Metal? Christian? Gay?

Metal bands aren't very interesting. Black men fronting metal/punk bands? Seen it before—Bad Brains, Living Colour, Body Count. Christian black men in metal bands? There's that guy in POD, and . . . give us an hour, we'll find another. Gay Christian black men in metal bands? Well, that's different.

And so it was back in 1998, when Doug Pinnick, the singing bassist of arty Houston metal trio King's X, came out in an interview with Contemporary Christian Music magazine. Hate mail from supposedly loving, compassionate Christians followed. King's X albums were banned from Christian bookstores. Fans stopped liking the band overnight, even though a lot of them had taken to heart their song lyrics, oozing spiritual themes. They even had an anti-abortion song, “Legal Kill,” which ensured proper Christian street cred.
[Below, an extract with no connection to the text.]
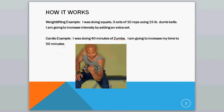Now, here's how this works. Let's say you started out weightlifting, and one of the exercises you were doing was squats. You were doing 3 sets of 10 reps using 15 pound dumbbells. Now you're going to have to increase your intensity by adding maybe an extra set of squats, you could add more reps, or you could add more weight. All of those things would increase your intensity.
But that didn't matter to the flock's more close-minded types. Apparently in the dictates of modern Bible-beating, you can backslide and be forgiven, but the one thing you absolutely cannot do is be Christian and proudly, happily queer.

“We lost a lot of the Christians who used us as a platform for their faith, and we're quite happy they're gone,” Pinnick says, calling from a tour bus somewhere in Ohio. “Any time you do something that steps out of the box, they'll turn on you.” Like snakes, we assume.

Pinnick has also been discovering that once you out yourself, it's something you never stop doing. Last year, he gave an interview to the Advocate, which got him several e-mails from gay fans who told him they were encouraged by what he'd done and who likely never knew he had been out for four years already.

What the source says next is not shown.